> _TO DO_
Reproduce the whole listing below without its pictures, exactly as written.

> _RECORDED DATA_
BEGIN

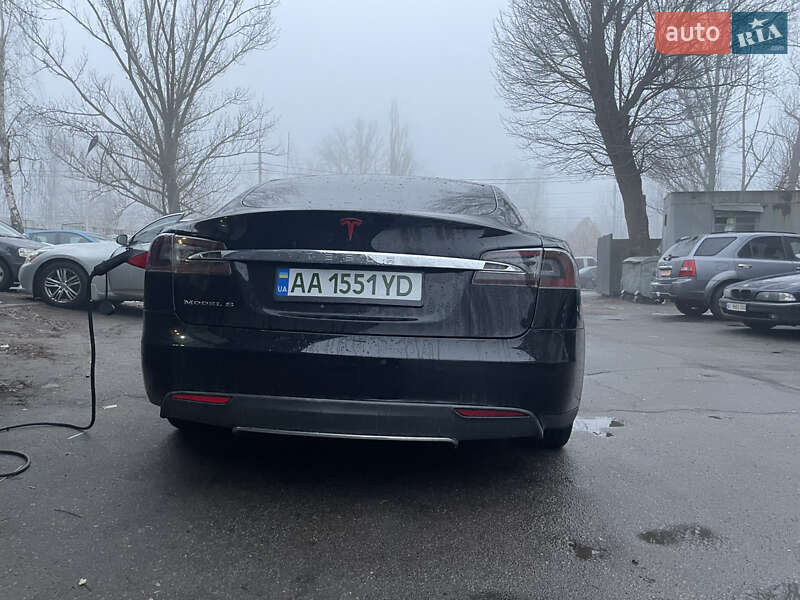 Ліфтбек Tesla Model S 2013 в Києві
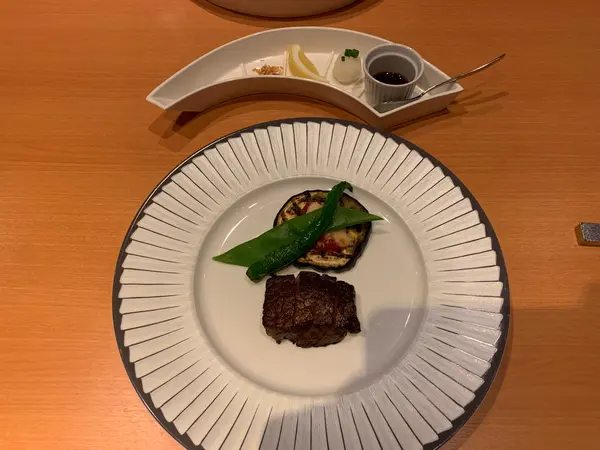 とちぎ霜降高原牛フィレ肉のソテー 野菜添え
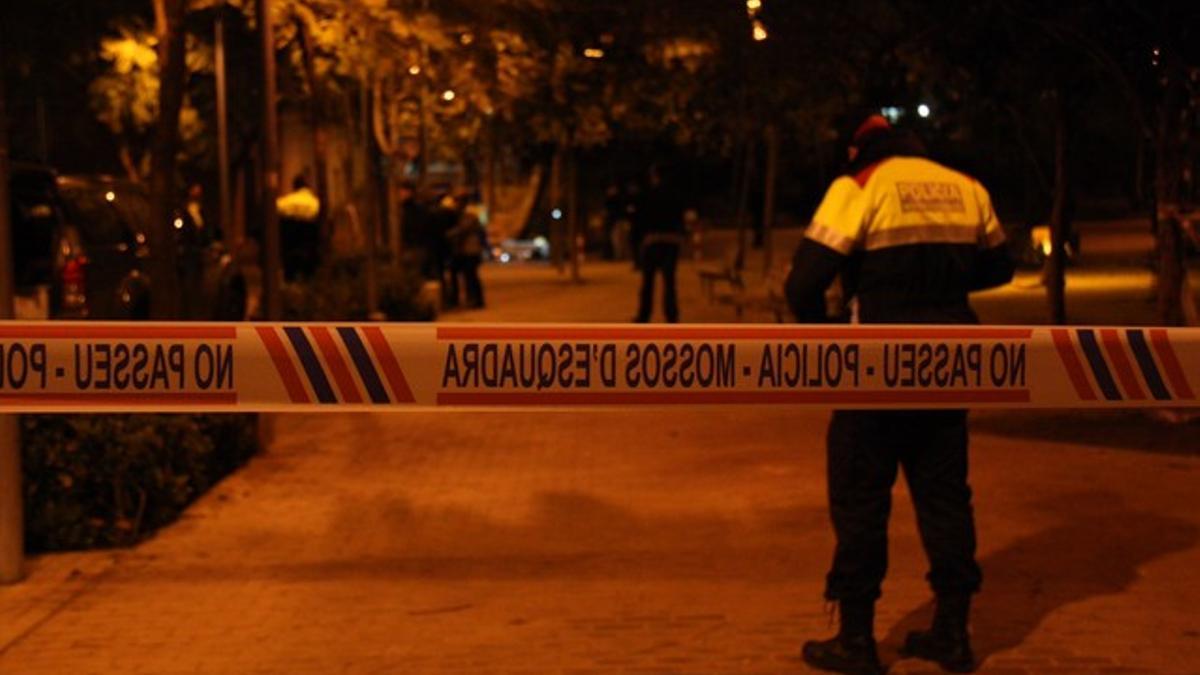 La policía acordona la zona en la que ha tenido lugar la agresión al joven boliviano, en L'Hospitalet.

END

> _WRITTEN ANSWER_
 Ліфтбек Tesla Model S 2013 в Києві
 とちぎ霜降高原牛フィレ肉のソテー 野菜添え
 La policía acordona la zona en la que ha tenido lugar la agresión al joven boliviano, en L'Hospitalet.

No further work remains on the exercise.